SOURCE DATA
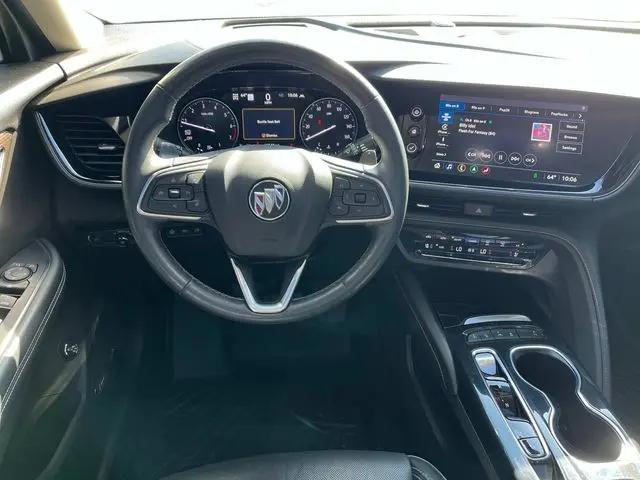 2022 Buick Envision AWD Avenir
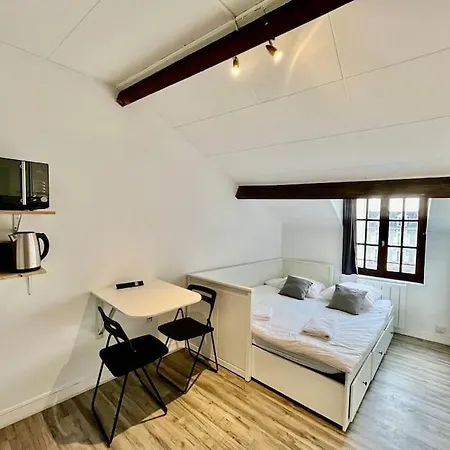 «studio 2» Rue Huchette - Dabnb Limoges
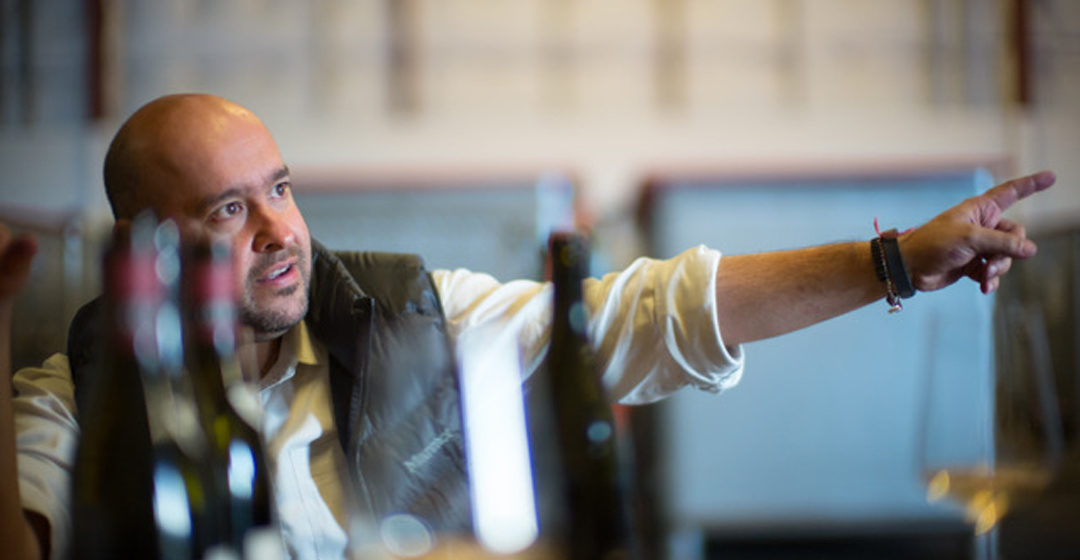 Interview with Winemaker & Wine Legend Rajat Parr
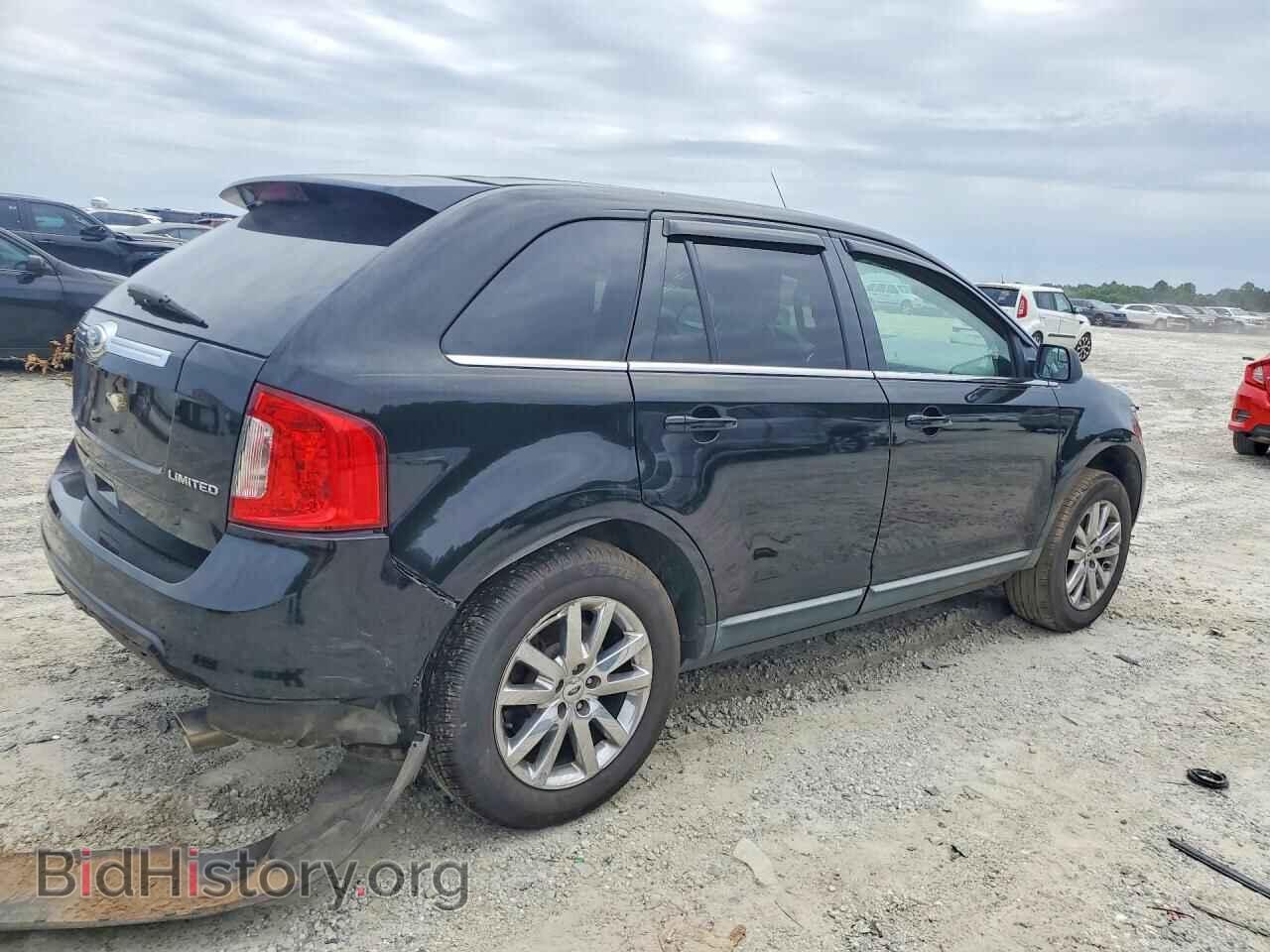 2011 FORD EDGE - VIN: 2FMDK3KC4BBB50081 - Photo 3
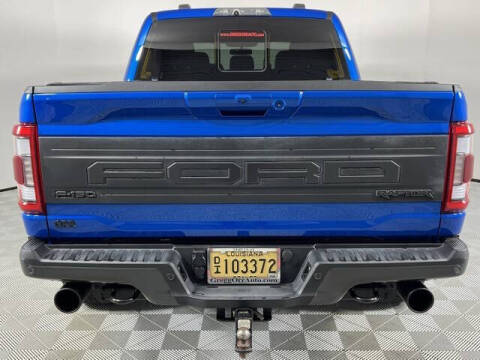 2021 Ford F-150 Raptor
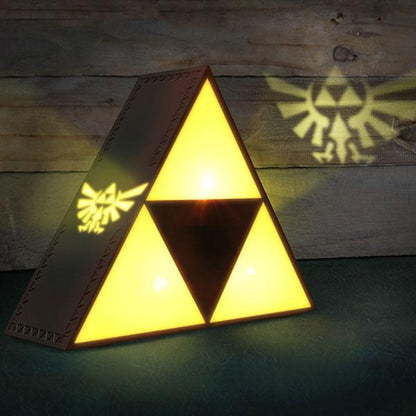 Legend of Zelda Leuchte Triforce 20 cm Image 1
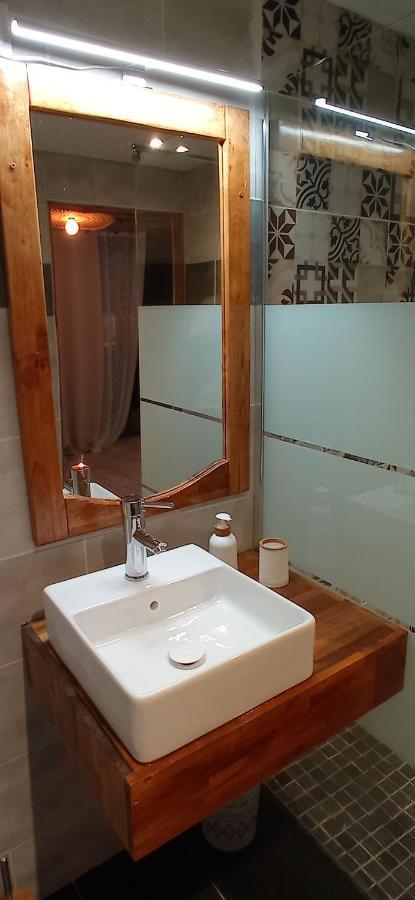 Fleur De Passion Apartment ซานต์-อองเดร ภายนอก รูปภาพ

WORK INSTRUCTION
Reproduce the material above in full and without alteration, but skip all pictures.

RESULT
 2022 Buick Envision AWD Avenir
 «studio 2» Rue Huchette - Dabnb Limoges
 Interview with Winemaker & Wine Legend Rajat Parr
 2011 FORD EDGE - VIN: 2FMDK3KC4BBB50081 - Photo 3
 2021 Ford F-150 Raptor
 Legend of Zelda Leuchte Triforce 20 cm Image 1
 Fleur De Passion Apartment ซานต์-อองเดร ภายนอก รูปภาพ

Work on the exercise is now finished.